藤堂蘭子の姿を捉えた瞬間、結衣が繋いでいた手をパッと離した。

「結衣、大丈夫だから」

そう小さく囁き、再びその手をとりギュッと握った。そして、そのまま俺の背後に隠す。

藤堂蘭子に見られたらマズイと懸念しているわけじゃない。結衣の視界にこの女の姿を入れたくなかった。


「藤堂さん、ここで何をしているのですか?」

睨みつけながら硬い声で問うと、藤堂蘭子は平然とした様子で微笑んでいる。


「誕生日パーティーの招待状をお渡ししに来ましたの」

「…こんな時間に?非常識じゃありませんか?」

「三神さん、学校だといつもお忙しそうなので。

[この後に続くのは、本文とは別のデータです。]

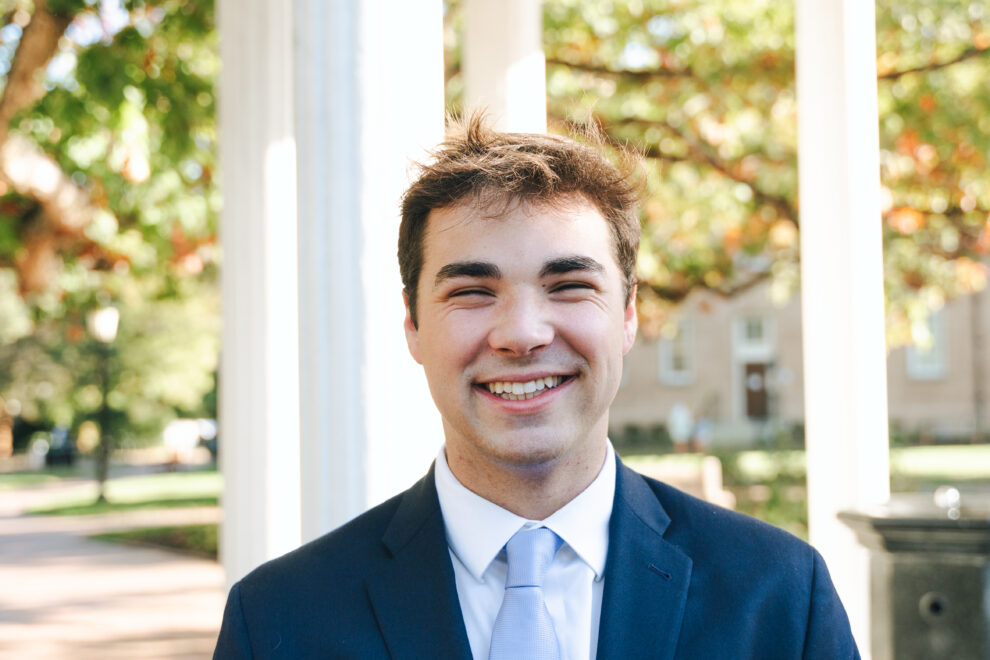 A person stands in front of the Old Well while wearing a suit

帰りをずっと待たせていただきました。……まずかったかしら?」

そう言いながら、チラッと結衣を見てくすっと笑った。

その瞬間、結衣の身体がビクッと跳ねるのを感じた。少しでも結衣を不安にさせたくなくて、繋いだ手にグッと力を込めた。


「もしかして、その方が三神さんの言う大切な女性?」

「それが、何か?」

「まさか生徒さんだったなんて。…こないだお見かけしましたわよね?」


こないだと言えば、この女が最後に学校に来たときだ。高杉と一緒にいた結衣を覚えていたのか…。

何も答えず、ただ目の前の女を鋭く見た。


「三神社長のお気持ち、お察ししますわ……」

まるで気の毒だと言わんばかりに、藤堂蘭子は呟いた。